**Dataset extract:**
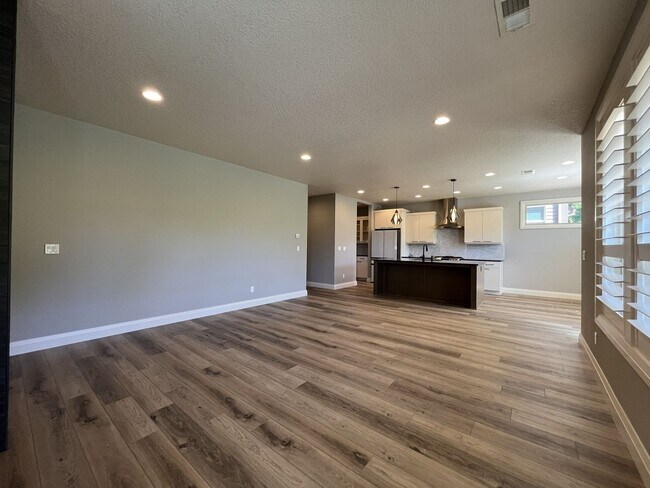 Building Photo - Elegant South Cooper Mountain Home with 4 Bedrooms, Bonus Room, Main-Level Suite & Designer Finishes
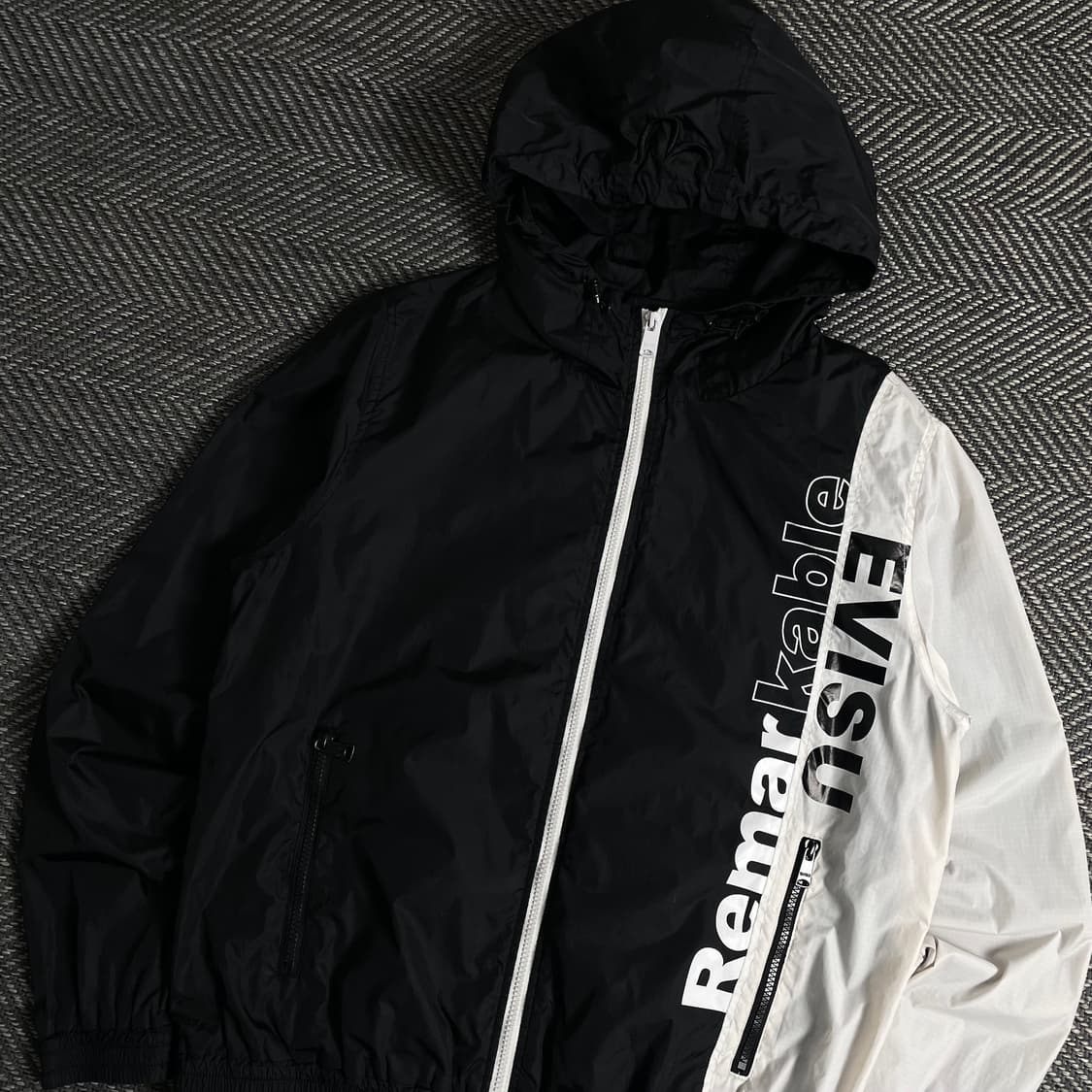 에비수 빅로고 배색 경량 바람막이 자켓y 3339 상품이미지1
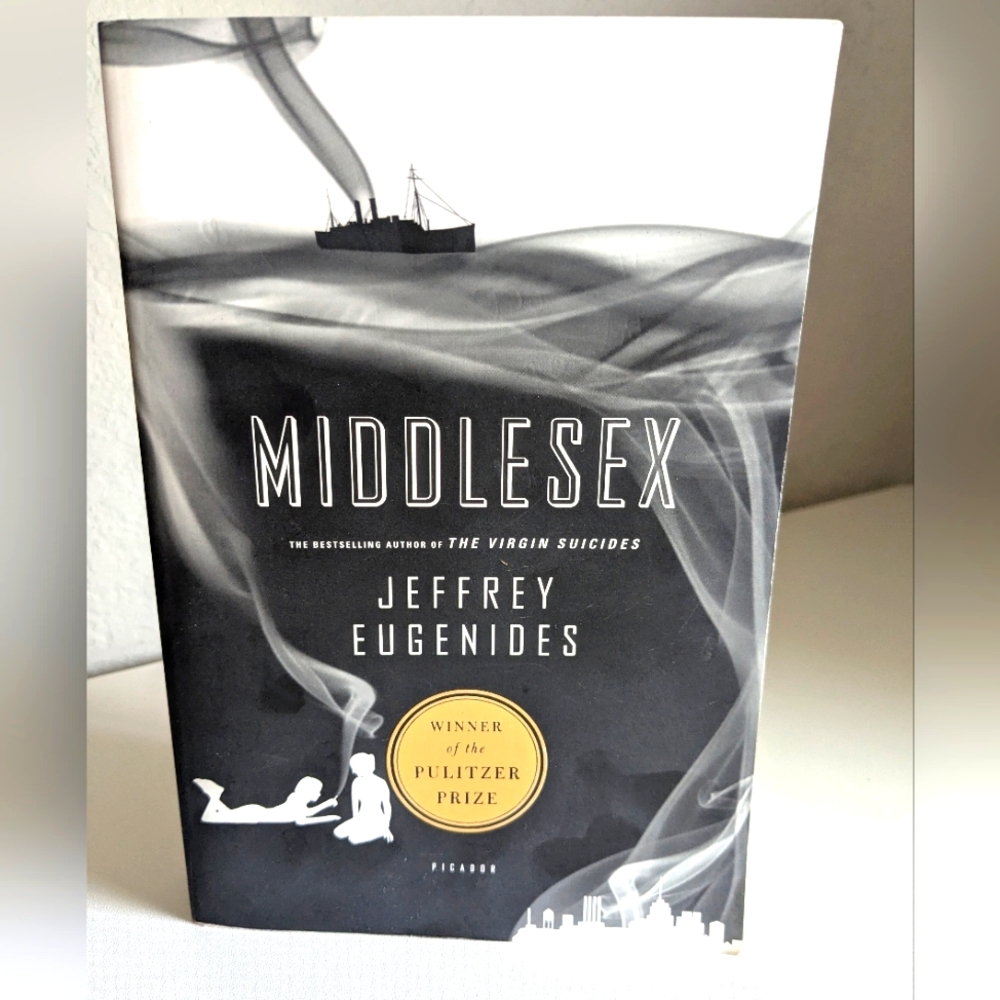Middlesex by Jeffrey Eugenides Paperback Excellent Condition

**Task instructions:** Leave out the pictures, then return every line of the data exactly.

**Response to the exercise:**
 Building Photo - Elegant South Cooper Mountain Home with 4 Bedrooms, Bonus Room, Main-Level Suite & Designer Finishes
 에비수 빅로고 배색 경량 바람막이 자켓y 3339 상품이미지1
Middlesex by Jeffrey Eugenides Paperback Excellent Condition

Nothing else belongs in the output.